▶ TASK INSTRUCTIONS
Retype exactly the span of lines below from the one with "Horloge Carrée Sueur, temps, dévotion" through the one with "THE NEW ARRIVALS". Do not include pictures.

▶ DATA SUPPLIED
++++++++++
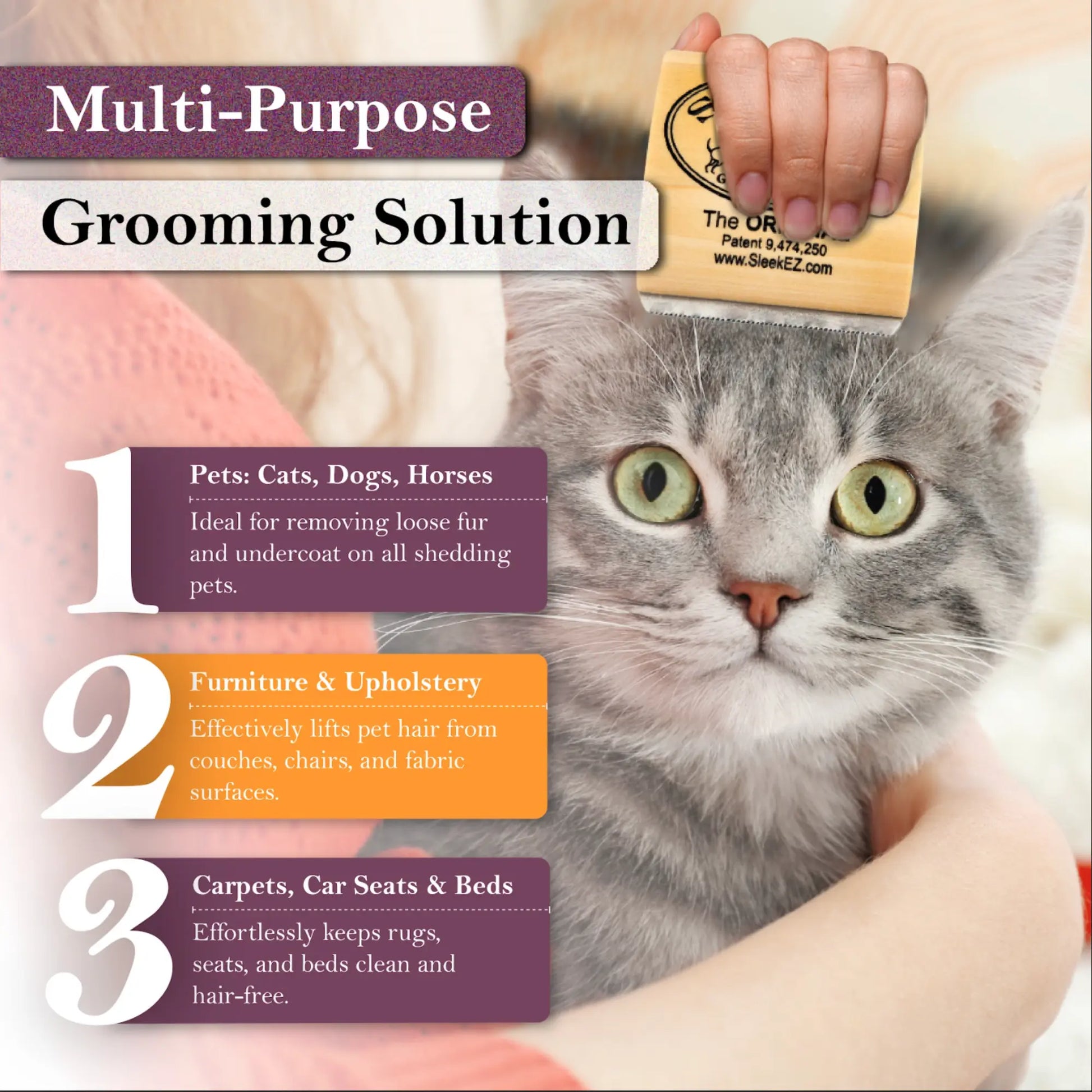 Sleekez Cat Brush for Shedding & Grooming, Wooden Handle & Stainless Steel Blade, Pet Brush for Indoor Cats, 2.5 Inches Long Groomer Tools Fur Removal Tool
++++++++++
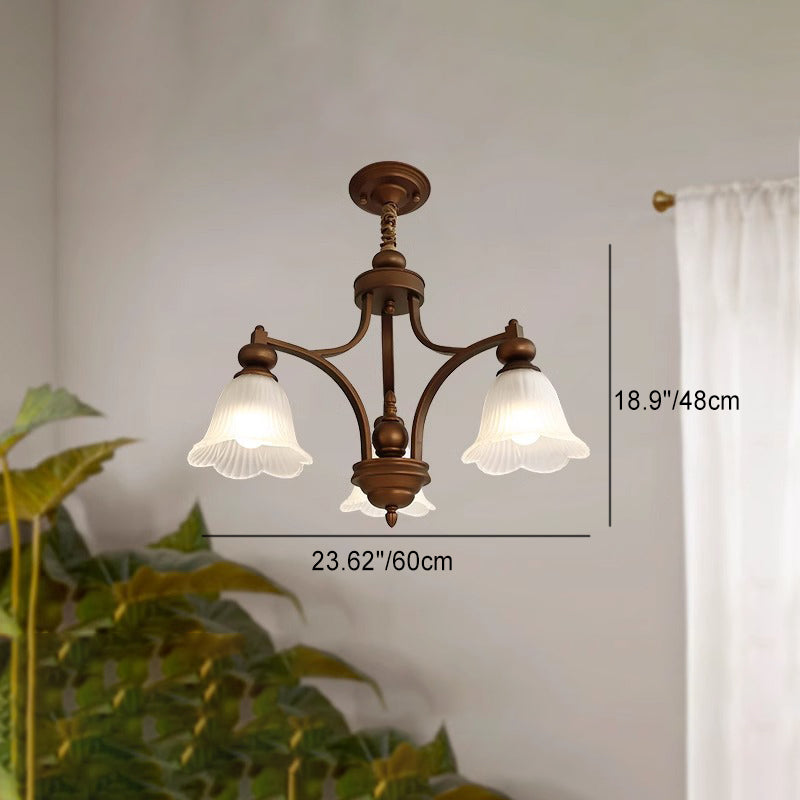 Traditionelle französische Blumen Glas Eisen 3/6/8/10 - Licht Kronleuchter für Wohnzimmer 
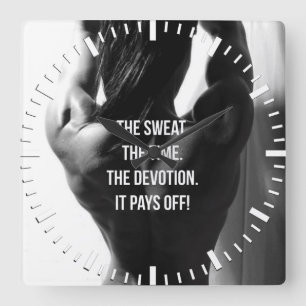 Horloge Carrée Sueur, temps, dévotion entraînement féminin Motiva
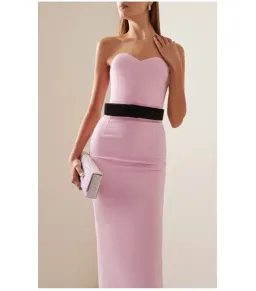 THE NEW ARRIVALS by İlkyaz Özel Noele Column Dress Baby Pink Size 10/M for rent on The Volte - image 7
++++++++++
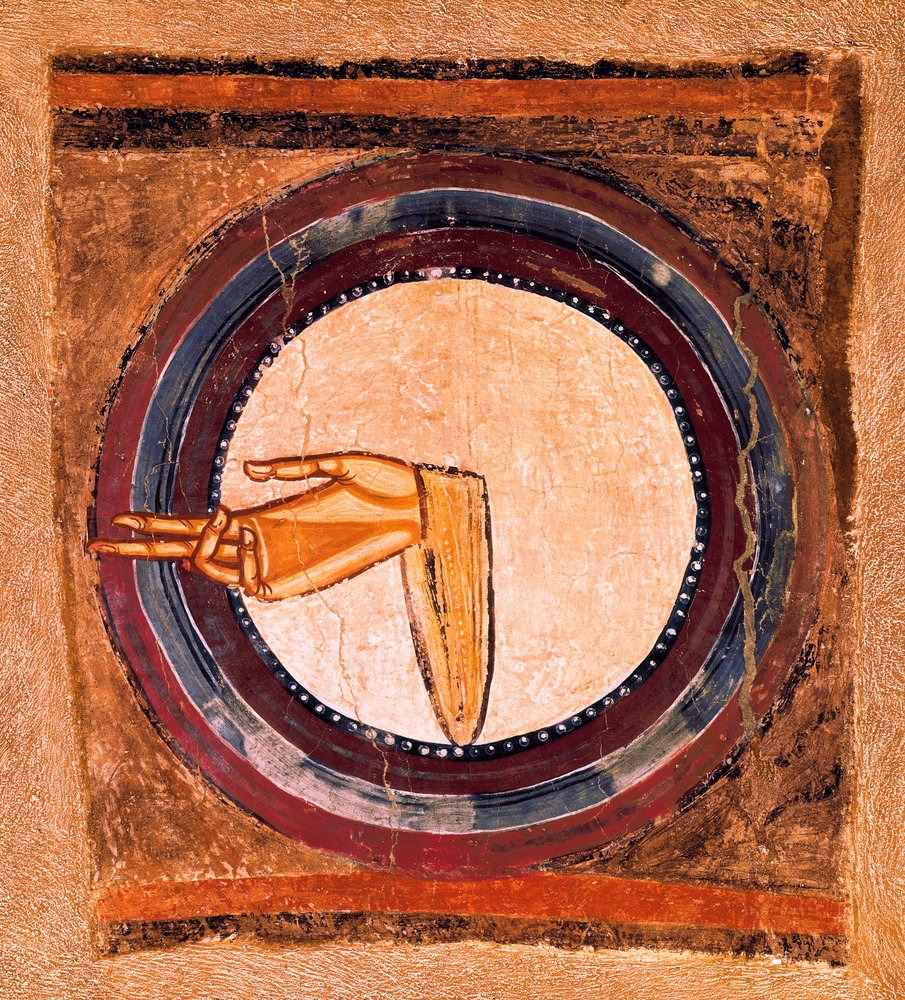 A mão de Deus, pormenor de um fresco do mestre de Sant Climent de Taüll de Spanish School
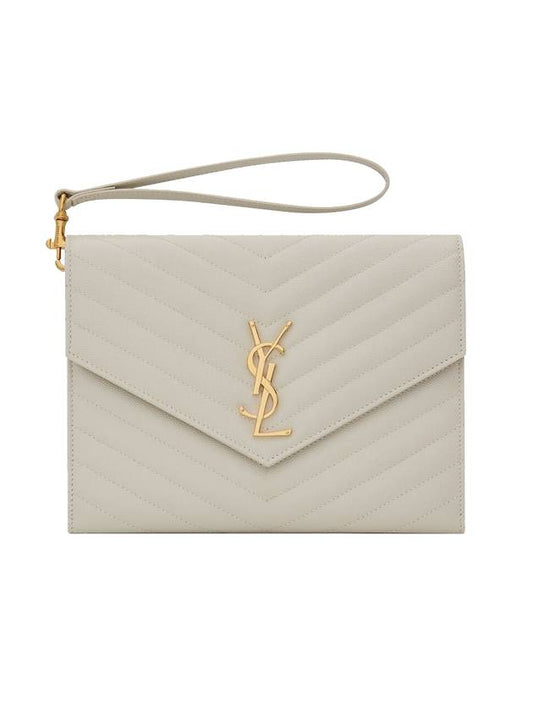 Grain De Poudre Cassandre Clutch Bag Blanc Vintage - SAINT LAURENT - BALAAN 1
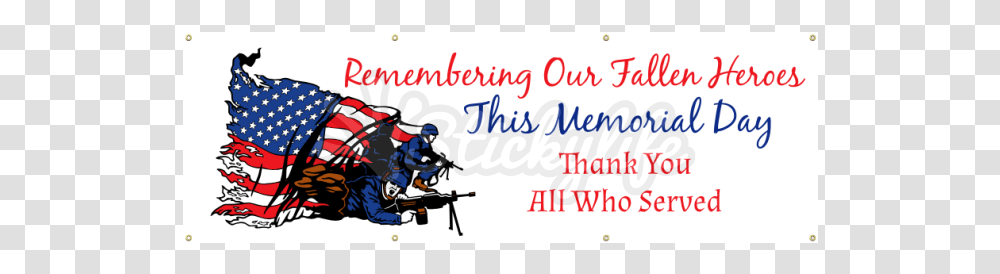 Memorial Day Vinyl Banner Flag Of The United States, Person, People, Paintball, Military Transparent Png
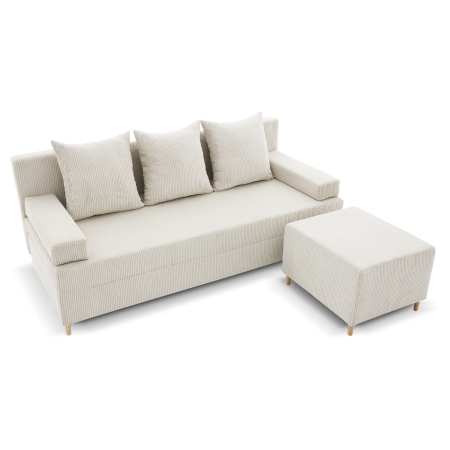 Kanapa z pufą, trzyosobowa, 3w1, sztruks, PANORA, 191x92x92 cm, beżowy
++++++++++
▶ ANSWER SECTION
 Horloge Carrée Sueur, temps, dévotion entraînement féminin Motiva
 THE NEW ARRIVALS by İlkyaz Özel Noele Column Dress Baby Pink Size 10/M for rent on The Volte - image 7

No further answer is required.